I first got a taste of the work of Grady Hendrix with his novel Horrorstör. The way he was able to blend workplace comedy with supernatural horror, with a helping of the dangers of groupthink added in for good measure, made it one of my absolute favorite books I’ve ever read. His penchant for wild situations and twisted character logic is on full display with his screenplay here, from the skeevy Samuel Ross (Jerry O’Connell), who offers to take Sam’s virginity to disqualify her as a sacrifice, to the unpredictable lady in waiting Gypsy (Arden Myrin).

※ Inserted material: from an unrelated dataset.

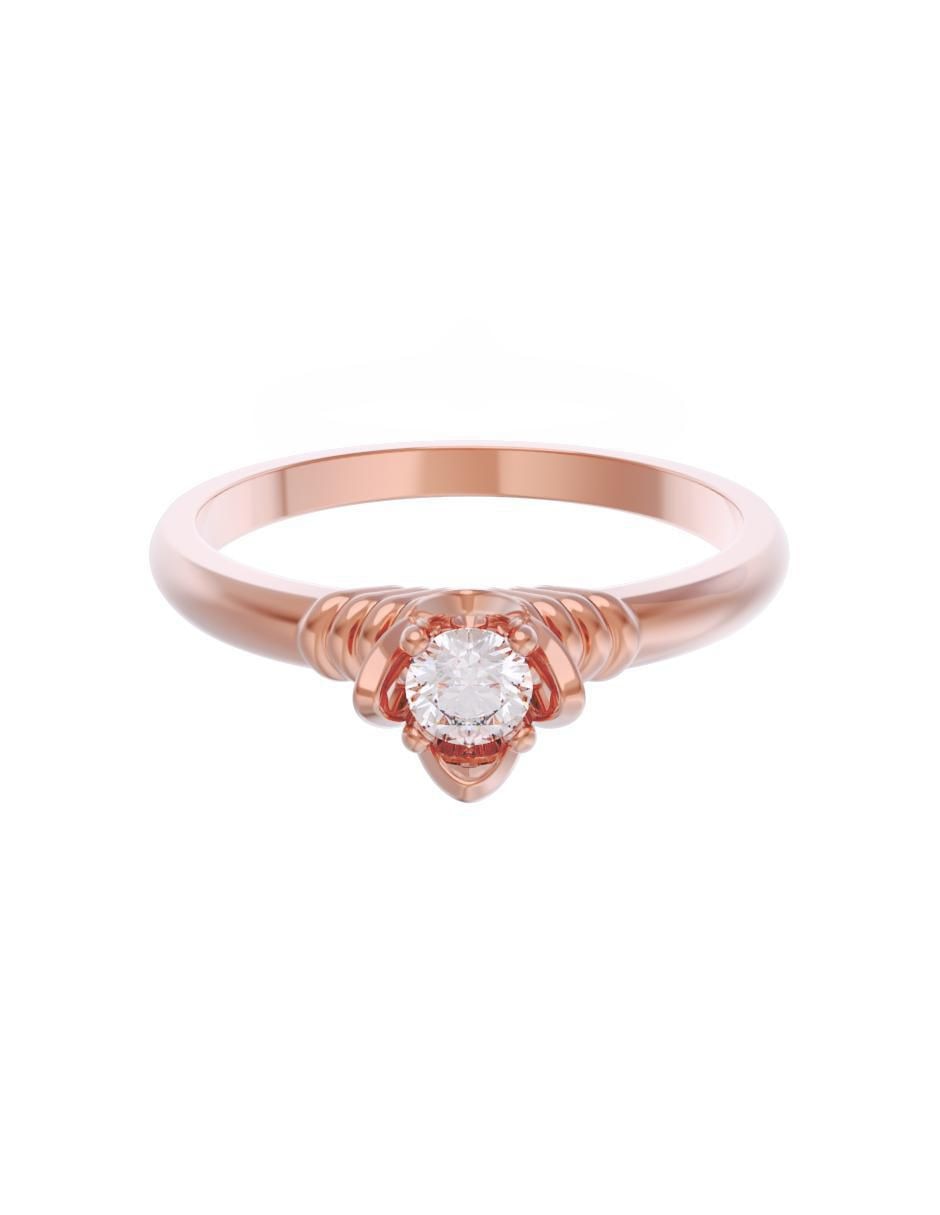 Rosa 3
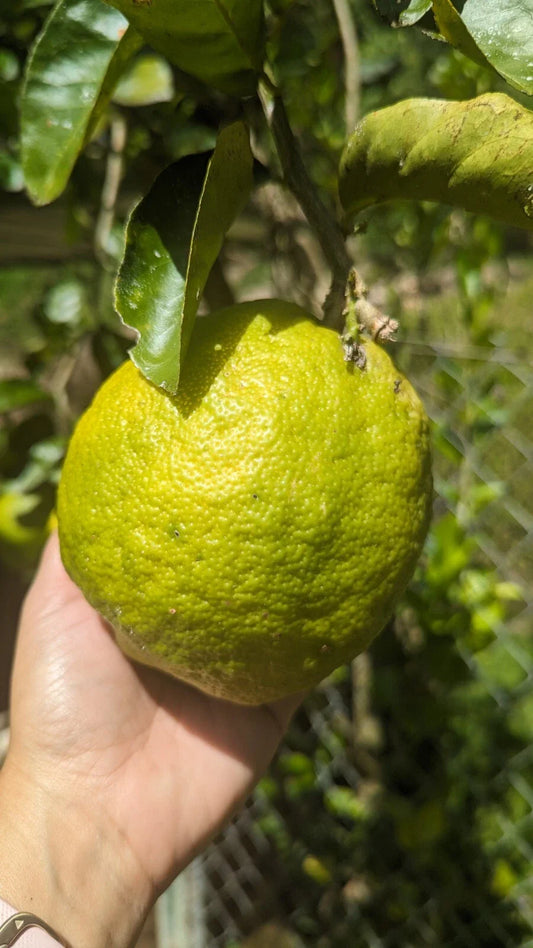 Ponderosa Lemon Cutting for Crafts - Sour Giant Fruit - Citrus limon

Rebecca Romijn’s performance as the calculated cunt of a cult leader, Danica, is the highest point of the film. A hero is only as good as the villain they must overcome, and Danica is one of the best villains the horror genre has ever seen. She is uncompromising and unrelenting in her methods, and her put-downs and one-liners are as chuckle-coaxing as they are creative. Even though she is a heel, to use wrestling terminology, you can’t help but appreciate the villainess and her twisted mind.
The gore in the film is nothing short of gut-wrenching, and every kill in the film is sure to satisfy even the thirstiest of gorehounds. From drilldos to soul souffles, the squeamish need not bother with this one, regardless of how they feel about the title of the film (looking at you, Walmart). Horror comedies tend to take the violence and gore to outrageous levels, for better or for worse, but the graphic nature of Satanic Panic hits a balance between stomach-churning and side-splitting like few others before it.
Released under the Fangoria banner as part of the magazine’s resurgence, Satanic Panic is an undisputed heavyweight of modern horror, especially under the horror comedy subgenre. Its limited release may relegate it to being a cult classic, but that ironic label is never usually a bad thing. In any case, go out of your way to see this film. It’s funny, but not cheesy. It’s gory, but not blood geyser levels. And above all, it’s a well-crafted film with some of the best dialogue in the game.